Most of the following is paraphrased from Elements of Statistical Learning, which is available as a PDF.
Variables can be inputs or outputs
- Inputs can also be called: predictors, independent variables, features
- Outputs can also be called: responses, dependent variables
Variables can be quantitative or qualitative
- Qualitative variables are also known as categorical variables, discrete variables, factors
- Mathematically, qualitative variables are represented through numerical codes.
- When there are only two categories or classes, it can be represented as a boolean with values of 0 or 1.
- There are multiple methods for coding multiclass categorical variables. See: dummy variables,
scikit-learn
'sEncoder
classes
Supervised learning: "using inputs to predict the values of the outputs"

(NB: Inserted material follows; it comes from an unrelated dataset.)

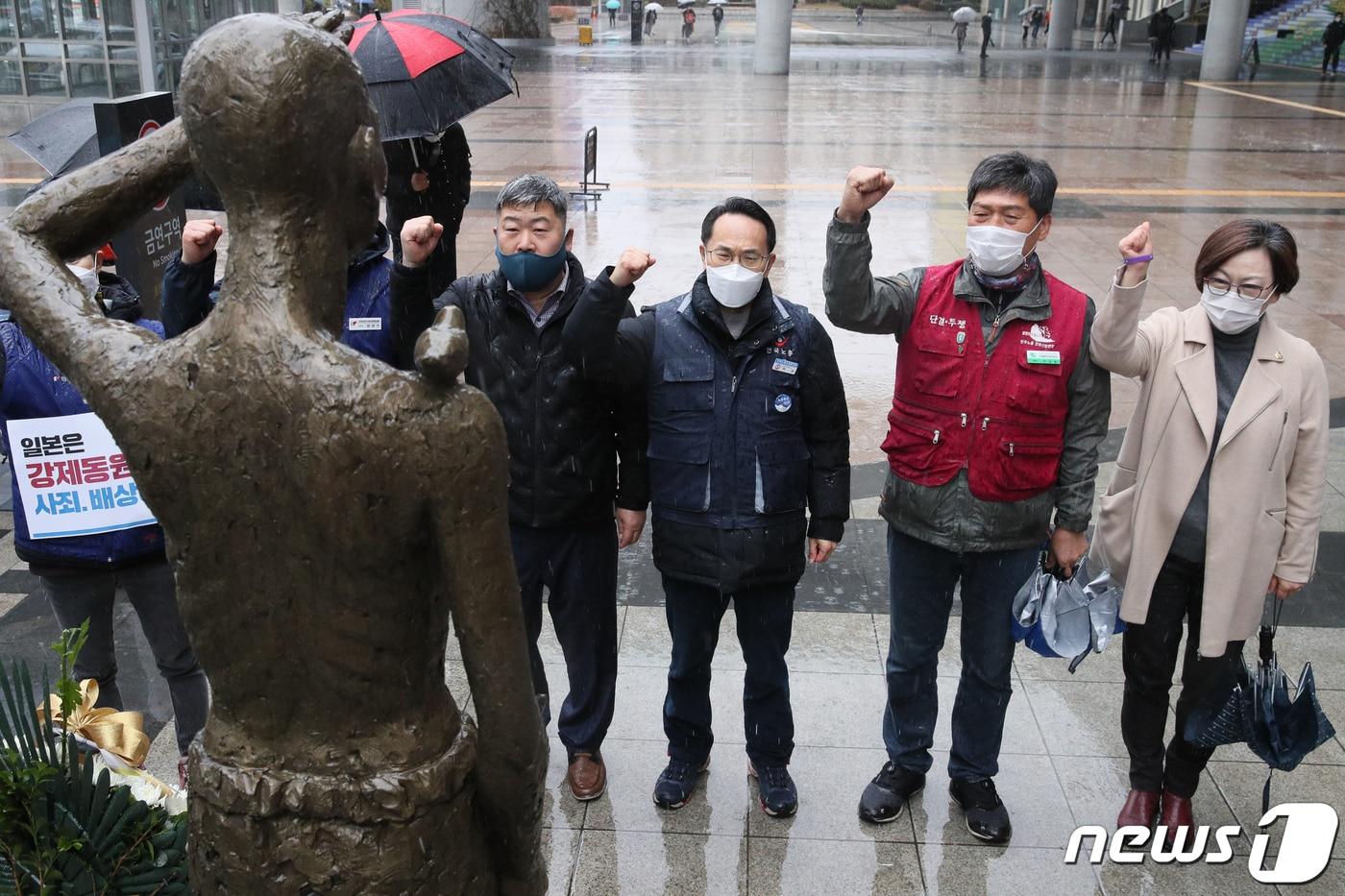 본문 이미지 - 민주노총과 한국노종 조합원들이  삼일절을 맞아 서울 용산역 강제징용노동자상 앞에서 합동참배 및 기자회견을 마친 후 일본의 강제동원 사죄·배상을 촉구하는 구호를 외치고 있다.(사진은 기사 내용과 무관함) / 뉴스1 ⓒ News1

- Regression: predicting quantitative outputs
- Classification: predicting qualitative outputs
- Classifier: algorithm used to solve a classification problem
- Classification usually means specifically supervised learning
Unsupervised learning: "describe associations and patterns among a set of inputs"
- Clustering: using unsupervised learning to group inputs into categories
- Unsupervised learning is often used to generate new input variables for supervised learning.
How supervised learning works:
- Training data: set of input data with known output values used to learn a prediction rule or model
- Test data: set of input data with known output values used to evaluate the performance of a given model
- A model presents a hypothesis about the relationship between the outputs and inputs, usually in the form of a mathematical formula
- This formula has parameters or coefficients that need to be fit to the training data
- Loss function: used to measure the fit, i.e. evaluate the accuracy of the model's predictions
- Training a model: finding the set of parameters that optimizes the fit by minimizing the loss function
- There are many optimization algorithms available, one of the most popular is stochastic gradient descent
Fernando-Delgado et al., 2014 uses the term two-class data sets to describe binary classification problems. That means the output being predicted has only two categories. Multiclass classification is a trickier problem: the output being predicted has multiple categories.
Some useful background context: no free lunch theorem states that no one type of classifier is best for all classification problems.
The paper evaluates 176 classifiers on 121 classification problems to empirically compare their overall performance.